Original AX-10 didn't, and pretty sure the original SCX-10's didn't either. I personally don't like slipper clutches but they seem to be on every product these days.
 
Original AX-10 didn't, and pretty sure the original SCX-10's didn't either. I personally don't like slipper clutches but they seem to be on every product these days.

Well played sir.
Don't remember that but i do remember smoking a lot of weed around that time
 
Is anyone else a little disappointed with the servo being exposed right out in front on a "scale" rig. I guess that is the easiest way to steer a solid axle but I just don't like the way it looks. No I do not have a solution just saying.............
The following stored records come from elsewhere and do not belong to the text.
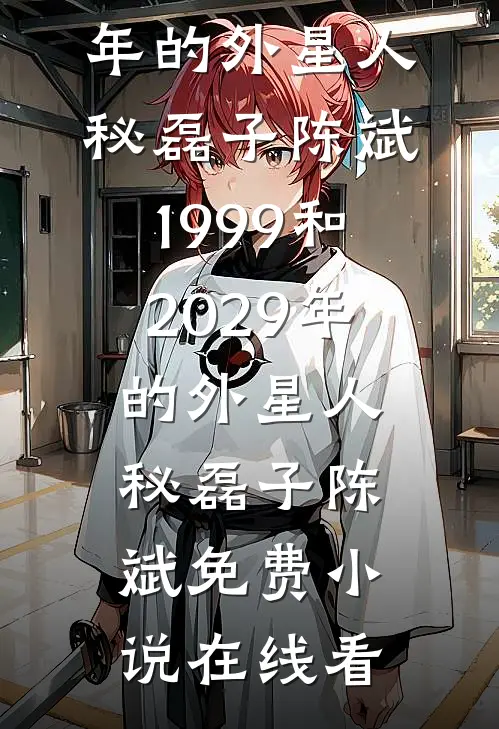 肖然祁云小说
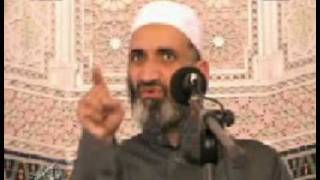 صورة الحمدلة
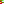 Destellos dst-2300907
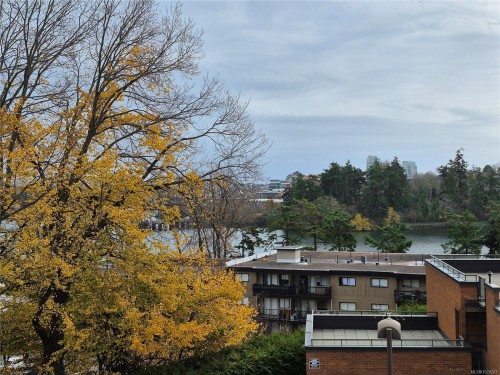 305-103 Gorge Rd EAST Victoria, BC V9A 6Z2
The steering servo was the first thing I noticed about the RR10 when I saw the Tower Hobbies "leak" catalog picture. I guess being out front, it is more noticeable than it is on the other Axial models. Once I saw the product website and video, I forgot about the steering servo. Maybe you can pull the decal off of it and it won't stick out so much.
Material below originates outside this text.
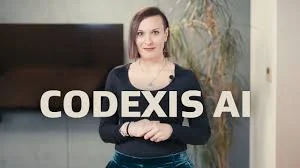 Judikatura a odborná literatura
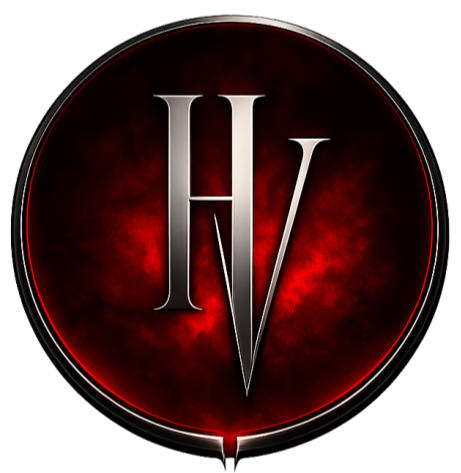 Halo Valen | 7pm - 8:30pm cst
I just can't wait to get mine. I haven't ever been this excited about an rc.
 
Will you be able to access the pinion/spur and slipper clutch without removing the cage do you think?

On that I'm going to say no I don't think so, spur is to the rear rather than front like a Yeti but the manual shows a similar style spur cover that has 2 screws accessed from above, which is blocked by the interior.
Looks like the skid will have to be dropped to get to it, which is actually not any worse than the Wraith but I'll concede is going to suck. Being able to just dive up from the underside with a hex driver would have been nice.

Just reading the manual I notice the cover is held to the back plate with M2.6 screws, drill the back plate to 3mm it may be possible to get an M3 from the underside to bite into the cover lug, no need to drop the skid.